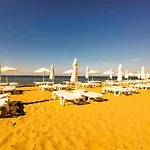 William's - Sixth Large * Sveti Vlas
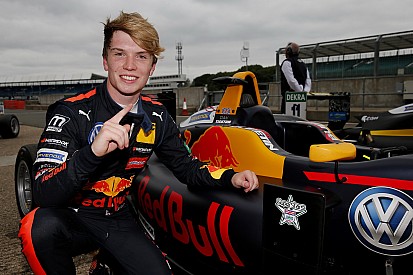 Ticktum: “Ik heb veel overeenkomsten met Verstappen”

---

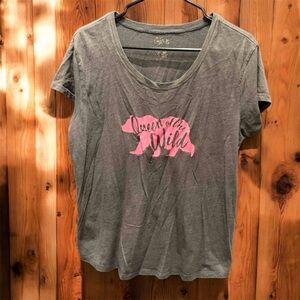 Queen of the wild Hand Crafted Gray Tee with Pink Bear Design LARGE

---

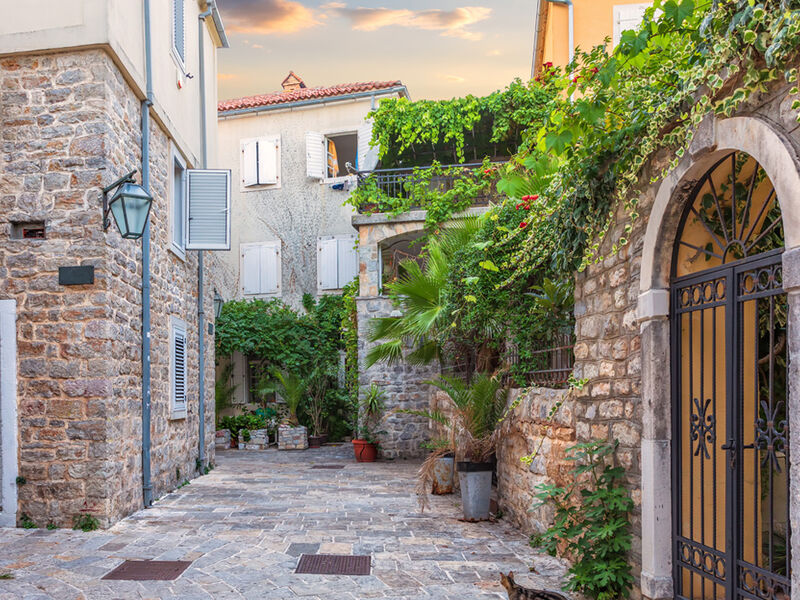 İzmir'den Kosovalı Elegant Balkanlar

• [What you will do]: Copy only the lines above from the one containing "William's - Sixth Large * Sveti Vlas" through the one containing "heb veel overeenkomsten", both included. Leave out the pictures.

• [Answer section]:
 William's - Sixth Large * Sveti Vlas
 Ticktum: “Ik heb veel overeenkomsten met Verstappen”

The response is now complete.